The Korean Assessment of immunologic Risk and Tolerance in Kidney Transplantation (ARTKT) study group reported a transcriptomic biomarker of AR using the urinary mRNA signature of KTRs [52]. Initially, they searched for candidate genes for AR in the Gene Expression Omnibus (GEO) database and selected 10 genes based on a meta-analysis of four datasets in the GEO database, along with four genes from the literature. Among these 14 candidate genes for AR, the expression of nine (CXCL9, CD3ɛ, IP-10, LCK, C1QB, PSMB9, TIM-3, FOXP3, and FAM26F) differed significantly between AR and stable KTRs in the validation set. The final AUC value of the nine-gene signature was 0.84 in the validation model.
The associations between miRNAs and AR have been analyzed. Anglicheau et al. [53] reported alterations of miRNA expression in KTRs with AR. They analyzed the expression of miRNAs in allograft tissue and peripheral blood mononuclear cells in 33 KTRs (12 with AR) using the TaqMan low-density array. Among the identified miRNAs, miR-142-5p, miR-155, and miR-223 were increased, and miR-30a-3p, miR-10b, and let-7c were decreased, in KTRs with AR compared to KTRs with stable graft function. Therefore, patterns of miRNA expression can serve as biomarkers of allograft status.
Tao et al. [54] analyzed miRNA profiles in blood samples from 33 KTRs (12 with AR; 11 with stable control; and 15 with delayed graft function). The TaqMan miRNA assay showed that miR-99a, miR-100, miR-151a, let-7a, let-7c, and let-7f were altered in the serum of KTRs with AR. Among these six miRNAs, miR-99a and miR-100 were significantly upregulated in KTRs with AR compared to the stable controls. In KTRs with delayed graft function, miR-99a could discriminate AR from both stable graft function and delayed graft function.
Lorenzen et al. [55] profiled the urinary miRNAs of 81 KTRs (62 TCMR and 19 stable control). The TaqMan miRNA assay showed that miR-10a, miR-10b, and miR-210 were markedly deregulated in urine of KTRs with TCMR. Among them, only miR-210 differed between KTRs with TCMR compared to stable control KTRs. In addition, a decreased miR-210 level was associated with a greater rate of decline in the estimated glomerular filtration rate at 1 year after transplant. Therefore, the urinary miR-210 level could identify KTRs with AR and predict long-term graft function.

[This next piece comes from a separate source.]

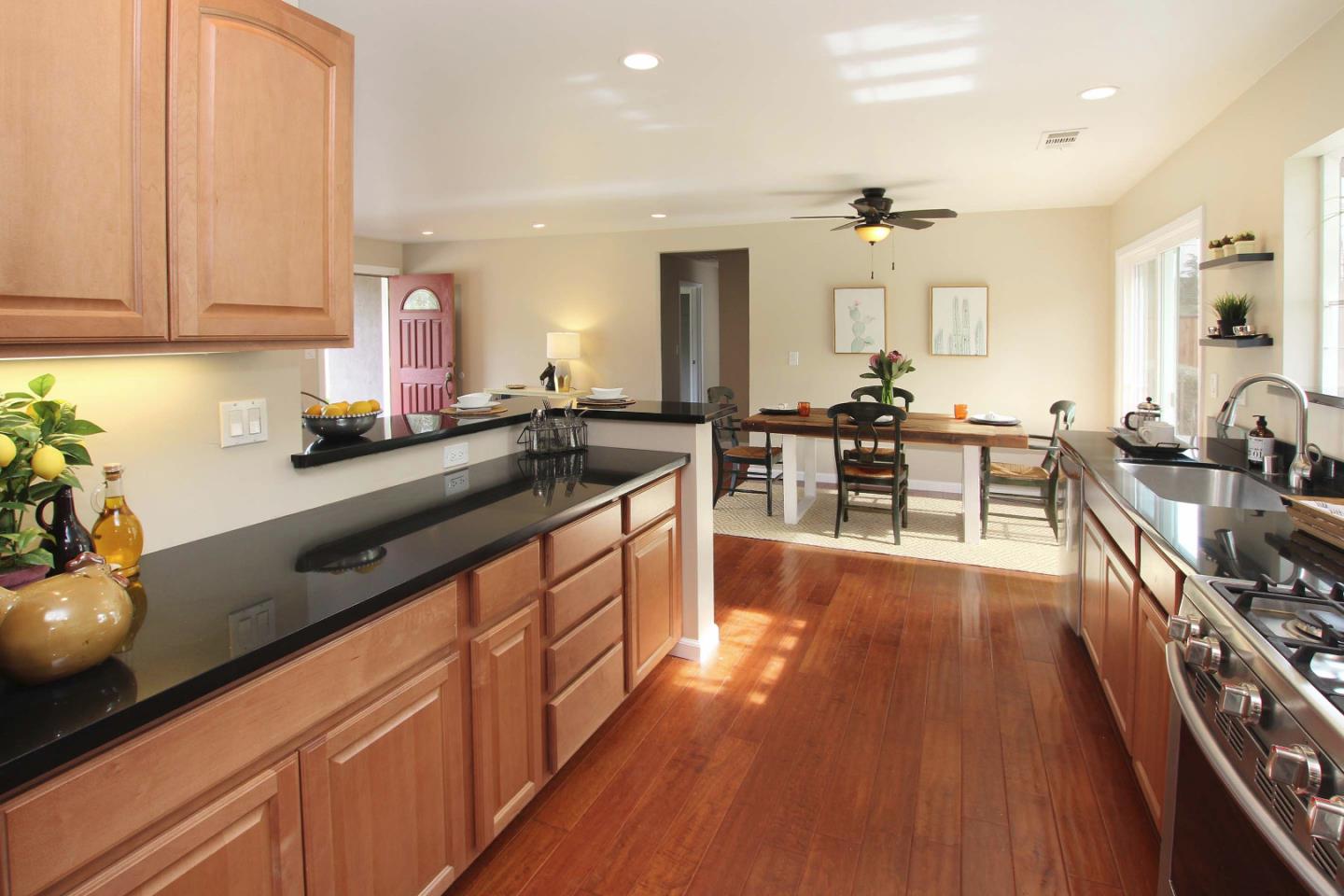 747 Calabasas Road Watsonville, CA 95076 - Photo 4 of 33 a kitchen with lots of counter top space and wooden floor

Vitalone et al. [56] analyzed the graft tissue of 167 KTRs (47 with AR and 120 without rejection) to understand the molecular pathophysiology of alloimmune injury. They transcriptionally profiled miRNAs by multiplexed microfluidic quantitative polymerase chain reaction. Nine relevant miRNAs (miR-25, miR-181a, miR-204, miR-192, miR-10b, miR-142-3p, miR-215, miR-342-3p, and miR-615-3p) were identified only in the AR group. The expression levels of these miRNAs were significantly associated with histopathological interstitial inflammation and tubulitis intensity.

Proteomic biomarkers of acute rejection

Several plasma and urine proteomic studies have revealed proteomic biomarkers associated with AR (Table 3). O’Riordan et al. [57] analyzed the urinary proteome of 73 KTRs (34 with AR and 39 with stable graft function). As AR developed, β-defensin-1 was decreased and α-1-antichymotrypsin was increased. Therefore, the ratio of β-defensin-1 to α-1-antichymotrypsin in urine may be a novel proteomic biomarker for AR.

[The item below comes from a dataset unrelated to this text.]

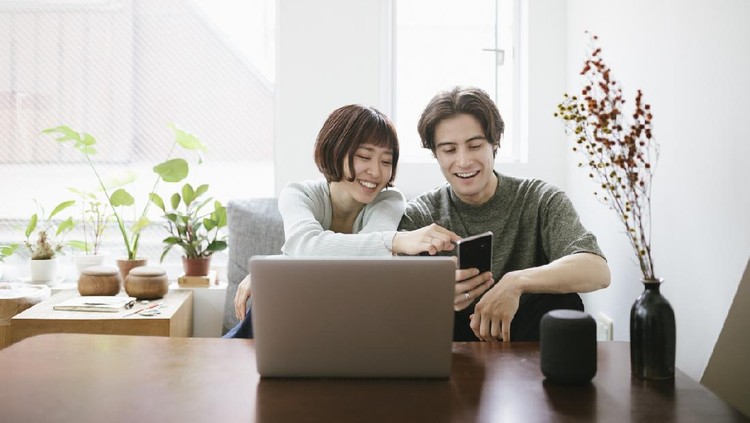 Couple sitting behind a coffee table, installing virtual assistant.
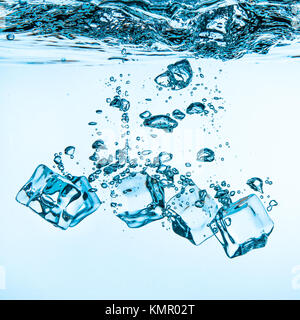 Ice cubes falling into the water sinking to the bottom. Abstract background. Stock Photo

Ling et al. [58] performed a urine proteomic analysis of 70 samples from 50 KTRs and 20 healthy controls. A panel of 40 peptides for AR was identified, which discriminated AR in the validation cohort (AUC = 0.96). Moreover, a mechanistic analysis based on peptide sequencing implicated proteolytic degradation of uromodulin and collagens, such as COL1A2 and COL3A1.
Ziegler et al. [59] analyzed blood samples from 64 KTRs to identify biomarkers of AR. Among the 22 candidate proteins, APOA1, α-1-antichymotrypsin, and an unidentified 5191 Da peptide were associated with TCMR.

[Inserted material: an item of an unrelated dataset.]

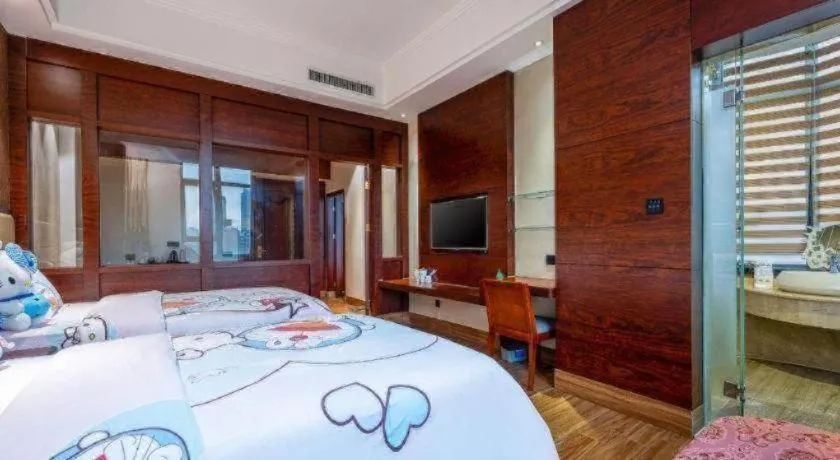 Bed in Haikou Kai Wei Hotel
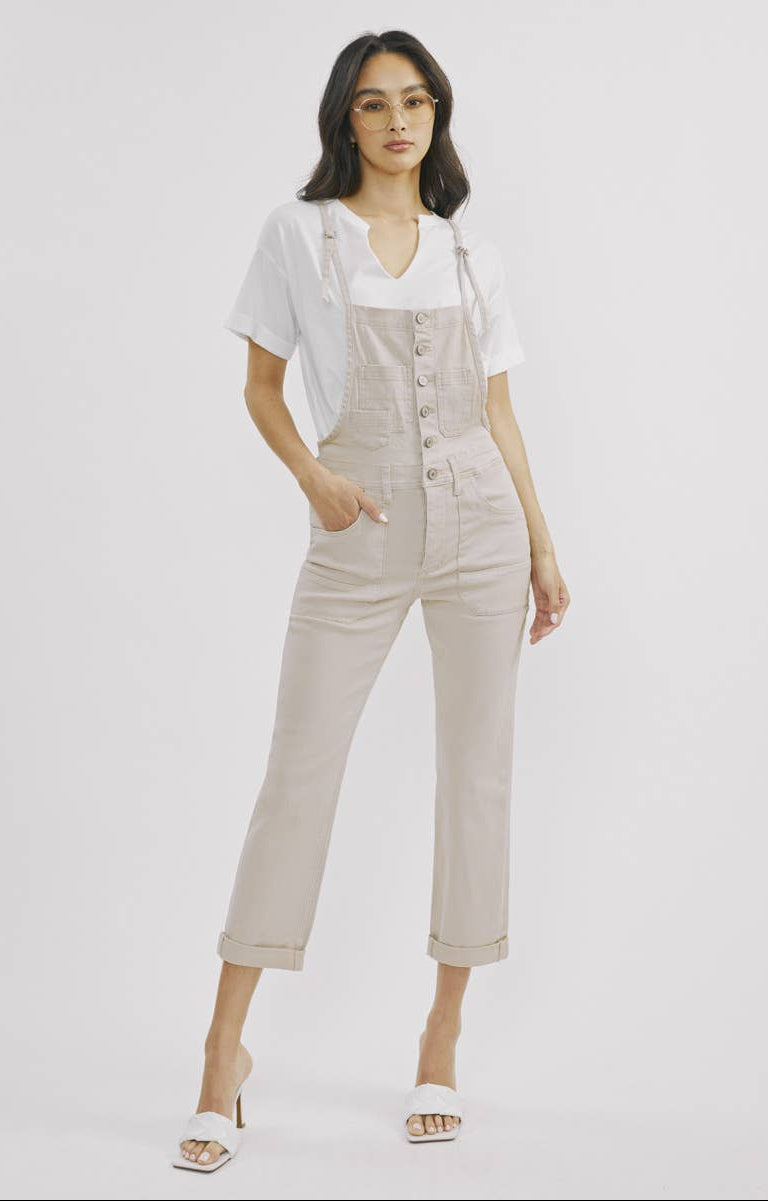 Woman wearing a beige jumpsuit and white shirt on a light gray background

Sigdel et al. [60] used isobaric tags for relative and absolute quantitation (iTRAQ)-based proteomic discovery and targeted enzyme-linked immunosorbent assay (ELISA) validation to discover and validate candidate urine proteomic biomarkers from 262 KTRs with biopsy-proven graft injury. Among the 69 urine proteins whose abundance differed significantly between the AR and stable graft function groups, nine (HLA-DRB1, FGG, FGB, FGA, KRT14, HIST1H4B, ACTB, KRT7, and DPP4) were associated with stable graft function, BK virus nephropathy, and chronic allograft injury (p < 0.01; fold increase > 1.5). Among these nine proteins, three (FBG, FGG, and HLA-DRB1) were validated as candidate biomarkers for AR.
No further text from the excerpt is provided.